Elastic net and lasso regression (L1):

$$J(X,y)=\frac{1}{2N}{\parallel \,y-X\beta \parallel }_{2}^{2}+\alpha \left(\lambda {\parallel \beta \parallel }_{1}+\frac{1}{2}(1-\lambda ){\parallel \beta \parallel }_{2}^{2}\right)$$

Note that for OLS, α = 0 as there is no regularization. Furthermore, setting λ = 1 yields lasso regression (L1 regularization). However, setting λ = 0 does not give an equation equivalent to the version of ridge regression provided above, resulting in two different α scales (Extended Data Fig. 5e,i).

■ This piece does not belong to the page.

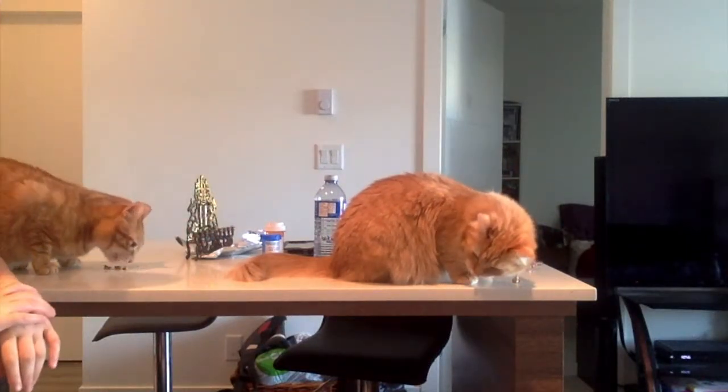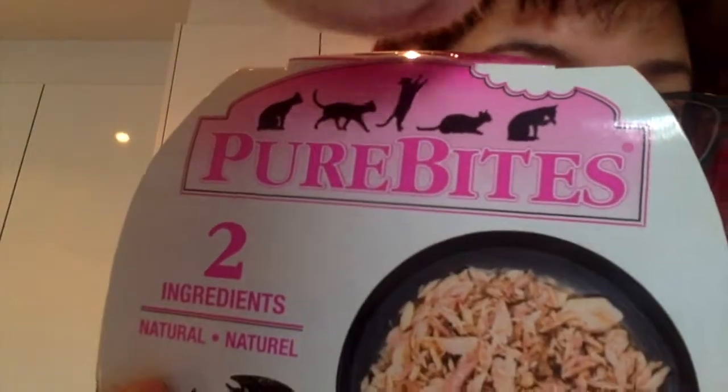They're absolutely enamored by them. Compared to some other treats that I've had — even though those are still really good treats — the PureBites are definitely the most popular. They love them; they think they're the best. Obviously they can't speak English, but I can tell. So if you're looking for a really nutritious treat for your cat that's not going to be full of bad things, definitely look into PureBites. Your cats will really thank you.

In addition, for L2 regularization, the validation-based models were fit to 80% of the total of samples available to the final model; thus, the validation models performed worse than their training or test counterparts because they are, in effect, facing an increased amount of regularization.

The sources for the least squares regression models are listed below:

OLS: https://scikit-learn.org/stable/modules/generated/sklearn.linear_model.LinearRegression.html.

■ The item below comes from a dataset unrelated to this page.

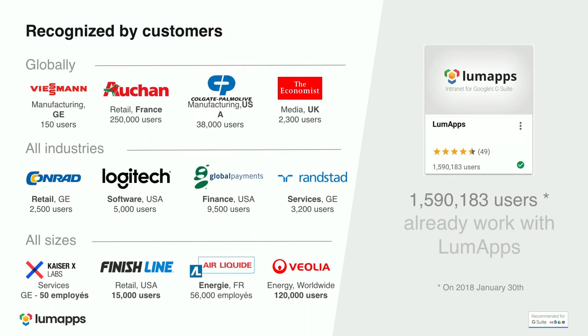Today, more than one and a half million registered users are on LumApps. We are recognized by customers across the globe and across all industries. In Germany, we work with Wisman, Conrad, and Keisel Labs. We are happy to work with companies from 50 employees all the way up to huge corporations like Ocean, which has 250,000 users and is a major retailer in France and Russia.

L2: https://scikit-learn.org/stable/modules/generated/sklearn.linear_model.Ridge.html.

L1 and elastic net: https://scikit-learn.org/stable/modules/generated/sklearn.linear_model.ElasticNet.html.

All kernels (β coefficients) depicted are the mean coefficients across the Y model runs with one standard deviation above and below the mean represented in the shaded regions. All GLM reconstructions depict the average signal with an overlay of the bootstrapped 95% confidence intervals as the upper and lower bounds (shaded region).

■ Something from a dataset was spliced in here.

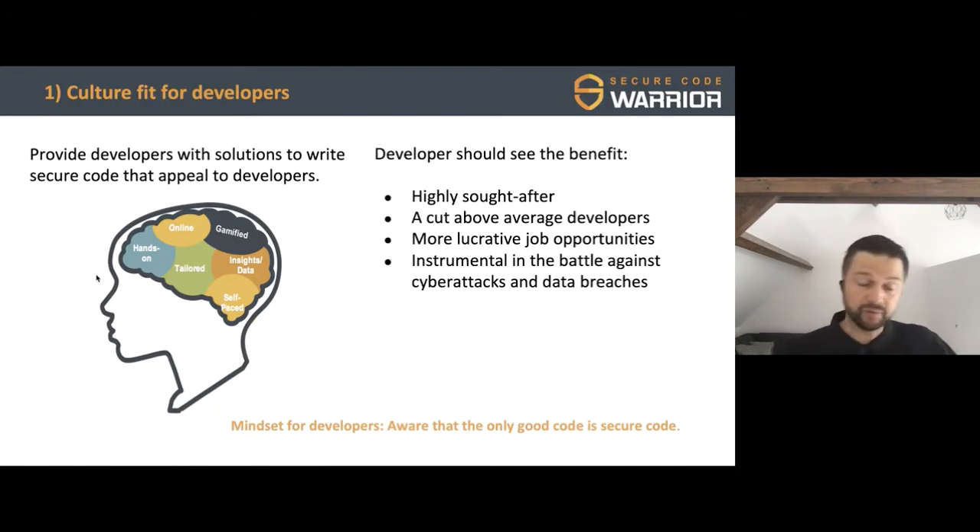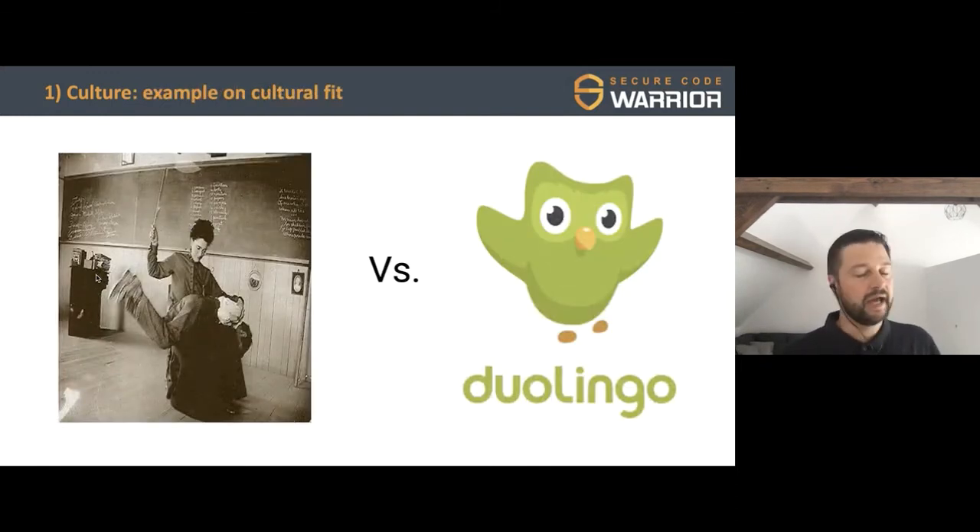If you're a security-savvy developer, you're really an above-average developer. What we see in organizations today is that developers with these skills are used on the most interesting and important projects — the special, secret, high-stakes ones where only the best developers go. So it's good for a developer to understand: if I upskill myself in writing secure code, it gives me more opportunity. Learning has to be interesting; my kids learn more French through Duolingo than in school because they actually enjoy it — that's the shift we need.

Preparation of acute brain slices

Brain slices were obtained from two- to four-month-old mice (both male and female) using standard techniques. Mice were anaesthetized by isoflurane inhalation and subjected to cardiac perfusion with ice-cold artificial cerebrospinal fluid (ACSF) containing 125 mM NaCl, 2.5 mM KCl, 25 mM NaHCO3, 2 mM CaCl2, 1 mM MgCl2, 1.25 mM NaH2PO4 and 25 mM glucose (295 mOsm kg−1). Brains were blocked and transferred into a slicing chamber containing ice-cold ACSF. Sagittal slices of striatum for amperometric or cell-attached recordings were cut at 300 μm thickness with a Leica VT1000 S vibratome in ice-cold ACSF, transferred for 10 min to a holding chamber containing choline-based solution (consisting of 110 mM choline chloride, 25 mM NaHCO3, 2.5 mM KCl, 7 mM MgCl2, 0.5 mM CaCl2, 1.25 mM NaH2PO4, 25 mM glucose, 11.6 mM ascorbic acid and 3.1 mM pyruvic acid) at 34 °C, then transferred to a secondary holding chamber containing ACSF at 34 °C for 10 min and subsequently maintained at room temperature (20–22 °C) until use. All recordings were obtained within 4 h of slicing. Both choline solution and ACSF were constantly bubbled with 95% O2/5% CO2.

Cell-attached recordings

Acute sagittal brain slices and electrophysiological recordings were obtained from the dorsal striatum as described before50, with the following variations: CINs were identified using morphological and electrophysiological features14. Slices were sustained in ACSF with 10 µM of gabazine, CPP and NBQX (Tocris). For cell-attached recordings, bath temperatures for the acute slice recordings were maintained at 34 °C, pipettes were filled with ACSF, had 1–2 MΩ resistance, seal resistances were from 10 to 100 MΩ. Action potential firing was monitored in the cell-attached recording configuration in the voltage-clamp mode (Vhold = 0 mV). ChR2 was activated by a single 2-ms pulse of 473-nm light delivered at 5.74 mW using full-field illumination through the objective at 120-s intervals.

Amperometry recordings

Slices were stimulated with 593-nm light, delivered at 5.86 mW for 2 ms using full-field illumination through the objective at 180-s intervals. Constant-potential amperometry was performed as previously described50. In brief, glass-encased carbon-fibre microelectrodes (CFE1011 from Kation Scientific: 7 μm diameter, 100 μm length) were placed approximately 50–100 μm within dorsal striatum slices and held at a constant voltage of +600 mV for 9 s versus Ag/AgCl by a Multiclamp 700B amplifier (Molecular Devices). Electrodes were calibrated with fresh 5 μM dopamine standards in ACSF to determine the sensitivity of the carbon-fibre microelectrodes and to allow conversion of current amplitude to extracellular dopamine concentration.

Reporting summary

Further information on research design is available in the Nature Portfolio Reporting Summary linked to this article.